[Short web captions]
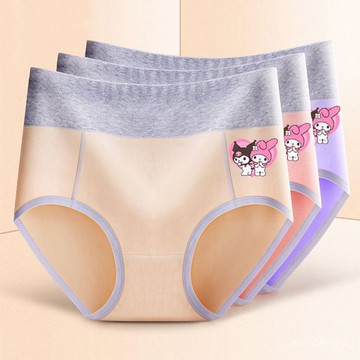 【臺灣-出貨】4條內褲女純棉中腰提臀學生可愛卡通大碼初中生少女韓版三角底褲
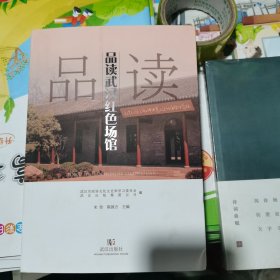 品读武汉红色场馆（包邮）内页干净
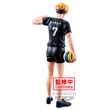Haikyu!! Atsumu Miya figure 19cm 4983164893496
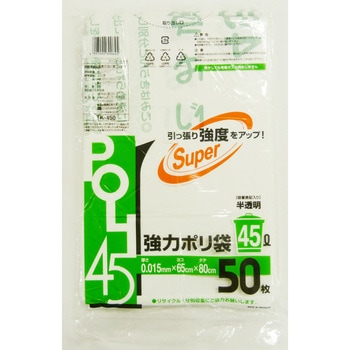 容量表記ゴミ袋  半透明 システムポリマー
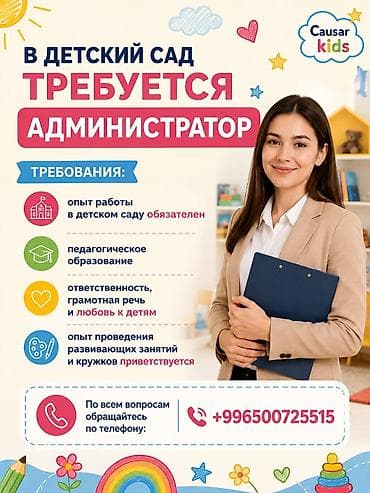 Вакансиялар: В частный садик требуется воспитатель няня и Администратор — 2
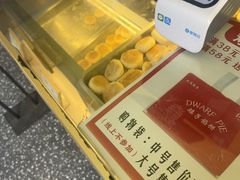 -矮子馅饼(大成路店)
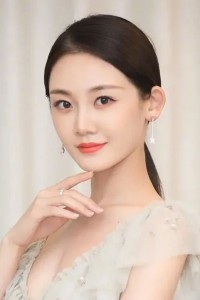 Vivi Miao
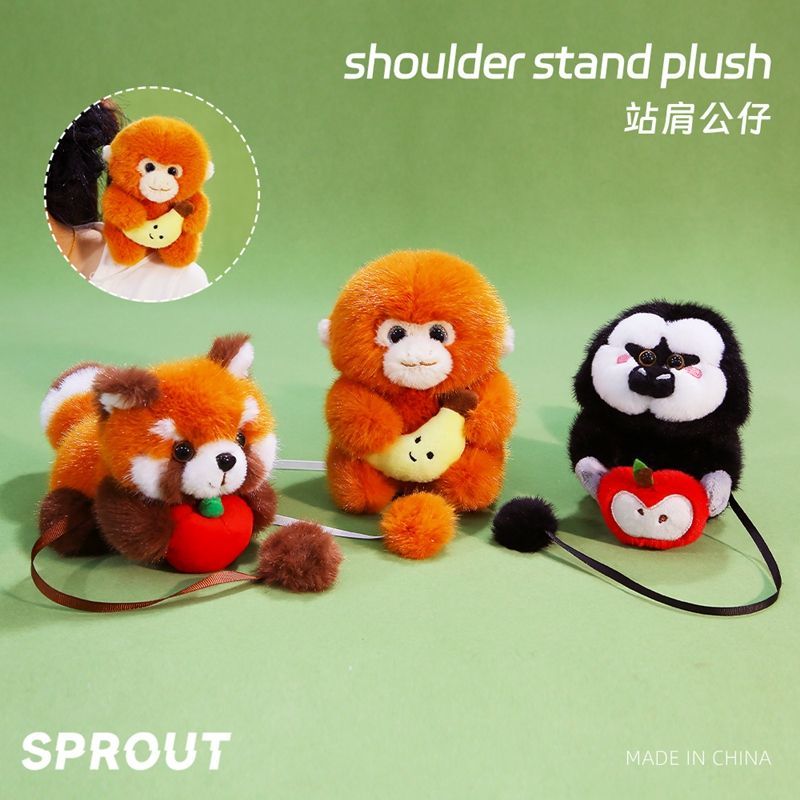 新款可爱软萌动物园猴子小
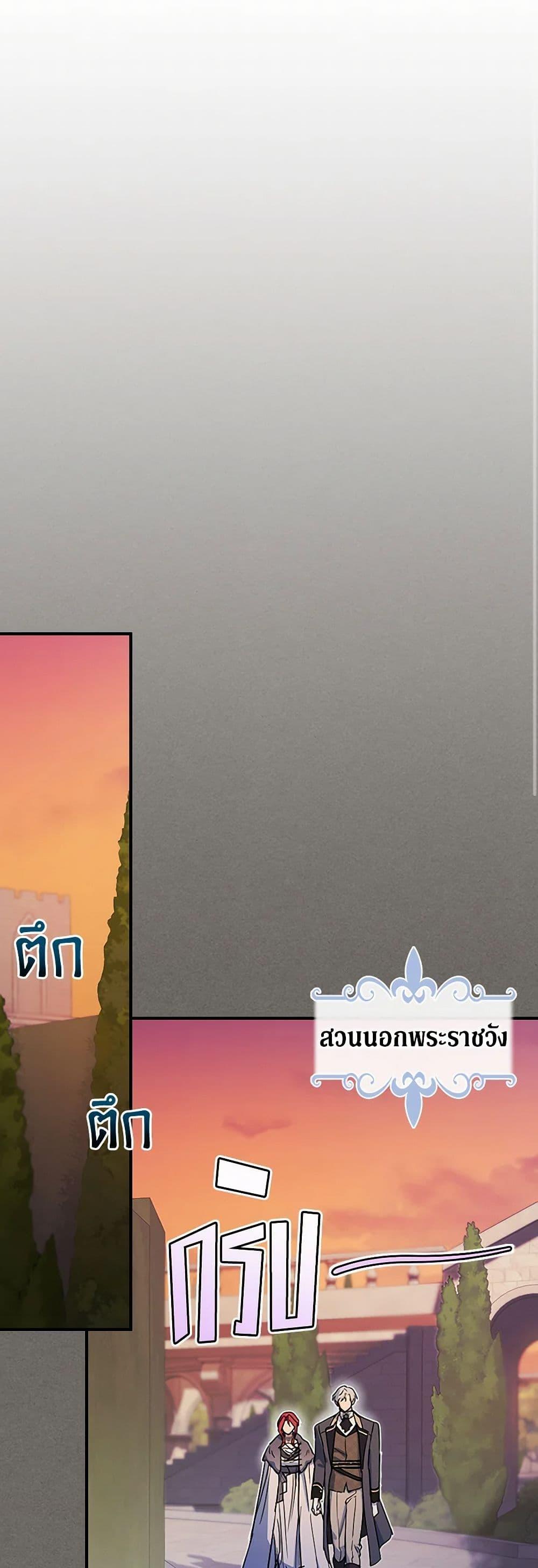 Manga-lc-com อ่านมังงะ อ่านการ์ตูน ออนไลน์ ฟรี The Lady and the Beast ตอนที่ 1 2 3 4 5 6 7 8 9 10 11 12 13 14 ฟรี ไม่มีโฆษณา Manga-lc - อ่าน มังงะ อ่าน การ์ตูน ออนไลน์ อ่านมังงะ ฟรี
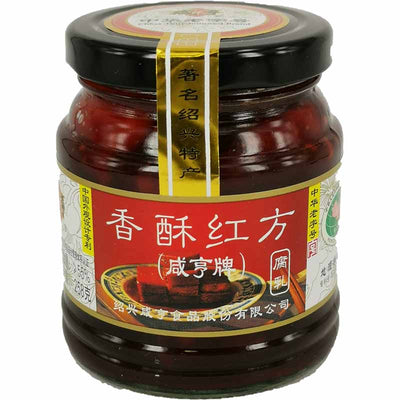 咸亨牌 香酥红方腐乳 258克/roter fermentierter Tofu XIANHENG 258g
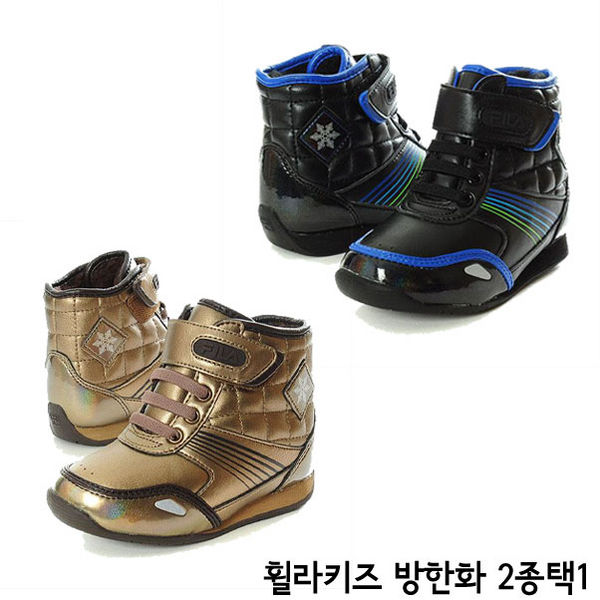 [현대백화점Ⅵ관]휠라키즈 남아/여아  방한화 2종택1 : 현대백화점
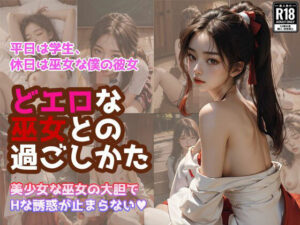 どエロな巫女との過ごし方(可憐堂) [d_348476]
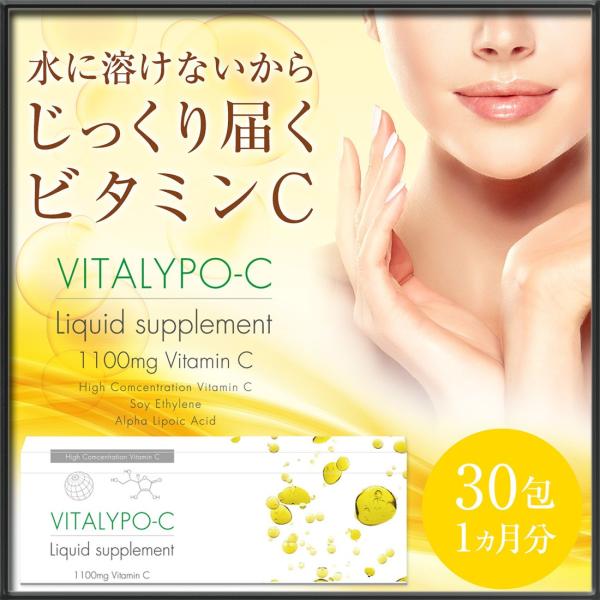 高濃度ビタミンc サプリ ビタミンc 誘導体 サプリメント Aリポ酸 液体ビタミンc レモン風味 Vitalypo C 30包 1ヶ月分 1100mg 幸せラボ 送料無料 Buyee Buyee Japanese Proxy Service Buy From Japan Bot Online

Action item: Can you quote exactly, and only, the lines from the one containing "Haikyu!! Atsumu Miya" through the last line of the records above, keeping both ends and leaving out any pictures?

Response area:
Haikyu!! Atsumu Miya figure 19cm 4983164893496
 容量表記ゴミ袋  半透明 システムポリマー
 Вакансиялар: В частный садик требуется воспитатель няня и Администратор — 2
 -矮子馅饼(大成路店)
 Vivi Miao
 新款可爱软萌动物园猴子小
 Manga-lc-com อ่านมังงะ อ่านการ์ตูน ออนไลน์ ฟรี The Lady and the Beast ตอนที่ 1 2 3 4 5 6 7 8 9 10 11 12 13 14 ฟรี ไม่มีโฆษณา Manga-lc - อ่าน มังงะ อ่าน การ์ตูน ออนไลน์ อ่านมังงะ ฟรี
 咸亨牌 香酥红方腐乳 258克/roter fermentierter Tofu XIANHENG 258g
 [현대백화점Ⅵ관]휠라키즈 남아/여아  방한화 2종택1 : 현대백화점
 どエロな巫女との過ごし方(可憐堂) [d_348476]
 高濃度ビタミンc サプリ ビタミンc 誘導体 サプリメント Aリポ酸 液体ビタミンc レモン風味 Vitalypo C 30包 1ヶ月分 1100mg 幸せラボ 送料無料 Buyee Buyee Japanese Proxy Service Buy From Japan Bot Online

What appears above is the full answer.